Last week we stopped at the Galveston Island Visitor Center in the historic Ashton Villa. It was a spur of the moment stop--we thought we pretty much knew what we wanted to do and see but were happy we made the stop. Not only did we learn a little more about post-hurricane Galveston, we picked up a brochure about the tree sculptures.
Bit of trivia: see the short iron fence surrounding Ashton Villa? That fence is 6’ tall! Following the devastating 1900 hurricane half of it was buried when the owner built the soil up around the mansion. Consequently the first floor windows are at ground level .
Galveston experienced extreme damage on September 13, 2008 when hurricane Ike slammed onto the coast and the city. Many of the island’s trees were uprooted by the wind and surge waves but salty sea water was responsible for killing thousands more. Remaining after the salt water killed many of the huge old oak trees that lined residential streets were the stumps, many of which have taken on a new life in the form of sculptures.

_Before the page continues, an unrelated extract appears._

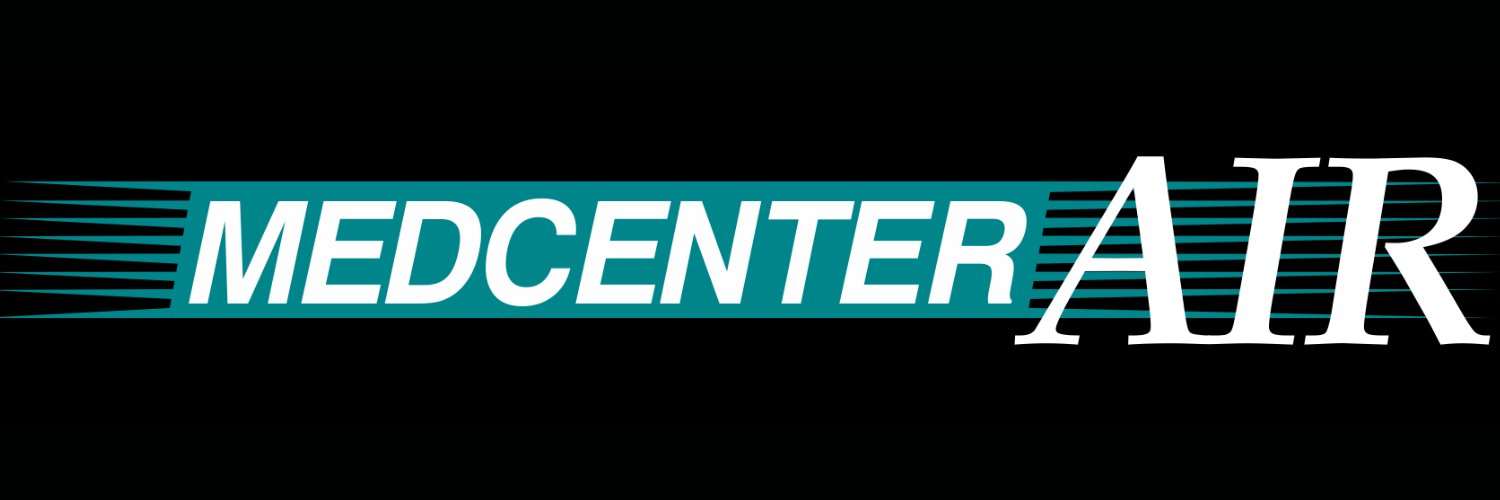 MedCenter Air banner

Brochure in hand, with my chauffer Gary doing the driving I jumped in and out of the truck to take photos of as many of the twenty-six sculptures we could find.
This informational sign is posted in the yard beside the impressive “Herons” sculpture.

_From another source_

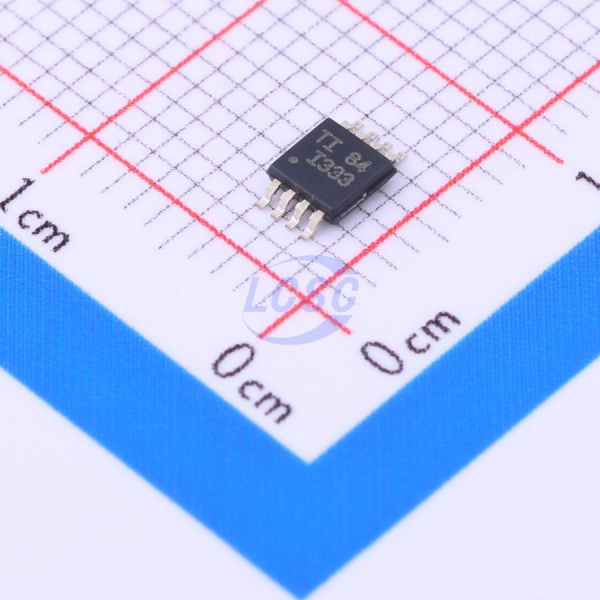 Микросхема Texas Instruments INA333 INA333AIDGKR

This is titled “Birds of Galveston.” I can only imagine how majestic this oak tree must have been!
A creature of the sea: “Mermaid Holding Clam Shell.”

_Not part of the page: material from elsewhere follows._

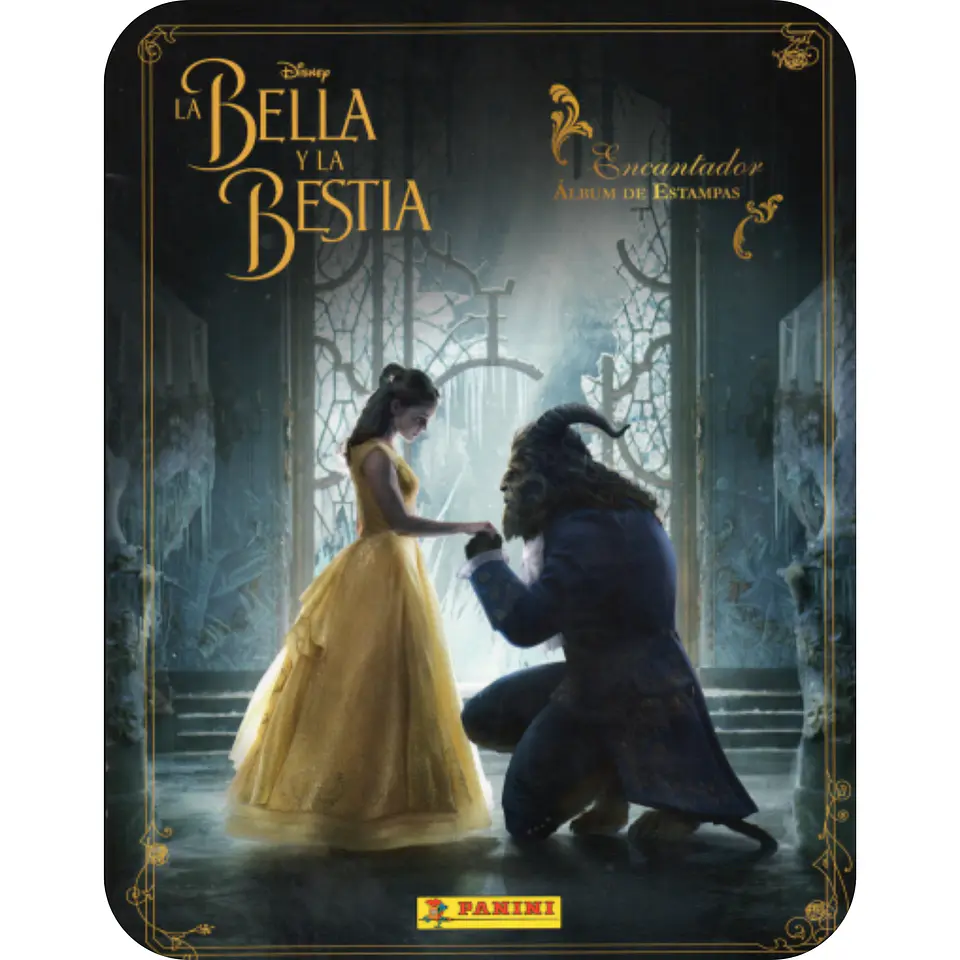 Álbum La bella y la bestia (2017) 1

“Great Dane” is Gary’s favorite.
I only got a back view of the mermaid (in Christmas hat) on “Dolphins and Mermaid.” Note the cute little Victorian house in the background. Most of the homes in the area are huge beautifully renovated Victorians.
Ah, isn’t “Squirrel” cute? Appears that he was carved and then placed on the stump. Most of the sculptures are carved in place in an existing stump.
These two, “Owl” and “Wildlife Totem Pole” are in the side yard of a home. I didn’t feel that I should go tromping into the yard to get my photo! (Plus there was an unfriendly-looking barking dog guarding his property!)
I’m guessing that the deck was built around the oak from which “Dolphins” emerges. It is in the same yard as “Owl” and “Wildlife Totem Pole” (and the barking guard dog!)
“Fire Hydrant” and. . .
looking up at the fire hydrant is “Dalmatian” Wonder what he’s thinking about?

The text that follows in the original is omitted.